---------- Information given
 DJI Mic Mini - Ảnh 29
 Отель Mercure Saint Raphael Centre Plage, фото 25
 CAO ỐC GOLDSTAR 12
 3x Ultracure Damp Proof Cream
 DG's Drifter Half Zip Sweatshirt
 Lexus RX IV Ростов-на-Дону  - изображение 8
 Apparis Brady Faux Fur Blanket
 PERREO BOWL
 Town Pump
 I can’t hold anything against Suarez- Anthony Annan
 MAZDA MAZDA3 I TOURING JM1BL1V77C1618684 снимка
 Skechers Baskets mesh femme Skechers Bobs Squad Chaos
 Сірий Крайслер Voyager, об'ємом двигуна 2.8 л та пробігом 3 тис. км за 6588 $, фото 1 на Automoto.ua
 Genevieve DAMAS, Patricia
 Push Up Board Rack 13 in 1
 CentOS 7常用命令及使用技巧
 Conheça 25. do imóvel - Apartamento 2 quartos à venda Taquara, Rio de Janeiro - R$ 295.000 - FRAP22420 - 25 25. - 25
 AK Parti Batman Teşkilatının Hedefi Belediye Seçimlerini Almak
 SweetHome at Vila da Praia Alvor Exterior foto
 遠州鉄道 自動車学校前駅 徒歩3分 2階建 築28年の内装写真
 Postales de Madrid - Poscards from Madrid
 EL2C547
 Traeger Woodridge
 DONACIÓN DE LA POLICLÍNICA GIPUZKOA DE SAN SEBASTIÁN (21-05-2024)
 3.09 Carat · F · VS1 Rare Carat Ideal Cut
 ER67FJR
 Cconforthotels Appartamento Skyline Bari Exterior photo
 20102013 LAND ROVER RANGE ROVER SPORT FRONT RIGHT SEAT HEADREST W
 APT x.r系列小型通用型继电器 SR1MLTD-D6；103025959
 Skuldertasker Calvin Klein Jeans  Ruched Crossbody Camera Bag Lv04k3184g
--------------------
## Work to be completed
Give back exactly the lines starting at the one with "Skechers Baskets mesh" and running to the end of the listing. Include both ends.

## Finished task
 Skechers Baskets mesh femme Skechers Bobs Squad Chaos
 Сірий Крайслер Voyager, об'ємом двигуна 2.8 л та пробігом 3 тис. км за 6588 $, фото 1 на Automoto.ua
 Genevieve DAMAS, Patricia
 Push Up Board Rack 13 in 1
 CentOS 7常用命令及使用技巧
 Conheça 25. do imóvel - Apartamento 2 quartos à venda Taquara, Rio de Janeiro - R$ 295.000 - FRAP22420 - 25 25. - 25
 AK Parti Batman Teşkilatının Hedefi Belediye Seçimlerini Almak
 SweetHome at Vila da Praia Alvor Exterior foto
 遠州鉄道 自動車学校前駅 徒歩3分 2階建 築28年の内装写真
 Postales de Madrid - Poscards from Madrid
 EL2C547
 Traeger Woodridge
 DONACIÓN DE LA POLICLÍNICA GIPUZKOA DE SAN SEBASTIÁN (21-05-2024)
 3.09 Carat · F · VS1 Rare Carat Ideal Cut
 ER67FJR
 Cconforthotels Appartamento Skyline Bari Exterior photo
 20102013 LAND ROVER RANGE ROVER SPORT FRONT RIGHT SEAT HEADREST W
 APT x.r系列小型通用型继电器 SR1MLTD-D6；103025959
 Skuldertasker Calvin Klein Jeans  Ruched Crossbody Camera Bag Lv04k3184g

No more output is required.